Toward an age-friendly urban and housing policy in Malta (2020)
‘Towards an Age-Friendly Urban and Housing Policy in Malta’ makes suggestions and recommendations on how Malta can develop and diversify its housing sector to be more inclusive. It’s also a reflection on how disciplines can build on each other to offer tangible and solution-oriented policies.
Understanding Leisure Time Among Youths in Malta (2019)
In this qualitative research project, I was commissioned by Noċemuskata to provide a snapshot of the various ways in which youths between the ages of 16 years and 20 years old use their leisure time beyond their extra-curricular activities. The final outcome from the research will assist MUŻA, a local community museum in the metropolis, to draw up activities that are attractive and sensitive to the needs of this specific cohort. The ‘eclectic methodology’ used aimed to generate new qualitative data sets in relation to the way youths spend their leisure time. Little is known about this specific cohort so such an exercise offered a small window into their lives. The final outcome aided in generating new data to explore creative ways in which to develop successful art-based activities which would entice this group of young people to MUŻA.
Workshop activity © Noċemuskata
Urban & Housing Policy, Research & Strategy in Malta
As the Chairperson of the Sustainable Communities Board within the Housing Authority in Malta, I have been able to design and implement policies such as, Sustainable Communities, Housing for Tomorrow for the Housing Authority. Also, through an anthropological study on the rent situation in Malta, the final recommendation informed the Private Residential Leases Act (2019). This research and policy framework informed the development of the first National Housing System in Malta.
Under the Same Roof (2013 – 2015)
During my post-doctorate, at the Morgan Centre for Research into Everyday Lives, University of Manchester where I worked on an ESRC-funded project, which was entitled, Under the Same Roof: The Everyday Relational Practices of Contemporary Communal Living. The research spanned between 2013 and 2015 (award reference ES/K006177/1). It explored four contemporary forms of communal living in the UK with non-kin in different house typologies such as small co-operatives, co-housing schemes, shared housing and private lodging. The project focussed on factors that either contribute to, or hinder, the attainment of ‘successful’ communal living across the life course. This research enabled me to further develop my theoretical foundations on related literature from family studies/kinship and domesticity/home/domestic space in addition to methodological skills.

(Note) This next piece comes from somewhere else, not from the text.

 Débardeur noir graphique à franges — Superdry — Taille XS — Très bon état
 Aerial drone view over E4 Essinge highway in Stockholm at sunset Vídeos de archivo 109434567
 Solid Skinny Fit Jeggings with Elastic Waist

The ‘Other’ Side of the Kitchen: The Domestic Kitchen and the Lives of Older Lesbians in London (2010 – 2013)
I gained my doctorate in 2013, where I was awarded a prestigious Chartered Studentship for the 40th Anniversary of the OU, which was attached to an RCUK research project titled, Transitions in Kitchen Living (Co-Supervisor Prof. Judith Okely; External Examiner: Prof. Sarah F Green). In my thesis, The ‘other’ side of the kitchen: an anthropological approach to the domestic kitchen and older lesbians living in London, drew on key aspects of cross cultural perspectives on social space (e.g. Humphrey 1974, de Certeau 1986, Bourdieu 1990, Carsten et al. 1995) often studied beyond Europe. Here seemingly private ‘home’ place is problematised within a western metropolis with gendered, historical specificity. My forthcoming monograph, Home, Domestic Space and Sexuality (2016) – a book contract awarded to me by Palgrave Macmillan – will be based on my doctoral research.
Looking Both Ways Project (2012 – 2016)
I worked on a collaborative project entitled, Looking Both Ways (RESDEV220112) which was led by Dr Rebecca Jones (Open University) in collaboration with Prof Kathryn Almack (University of Hertfordshire). This project explored the experiences of people with bisexual identities or bisexual pasts as they grow older. We were also interested in the implications that their bisexual identity had on their present and future care and support needs within their current homes or outside. An additional outcome of this qualitative research was the publication of the Ageing and Bisexuality report, where we created case studies describing lesbian, gay, bisexual and transgender (LGBT) people’s experiences as they grow older. This resource is often used in training, educational and policy work.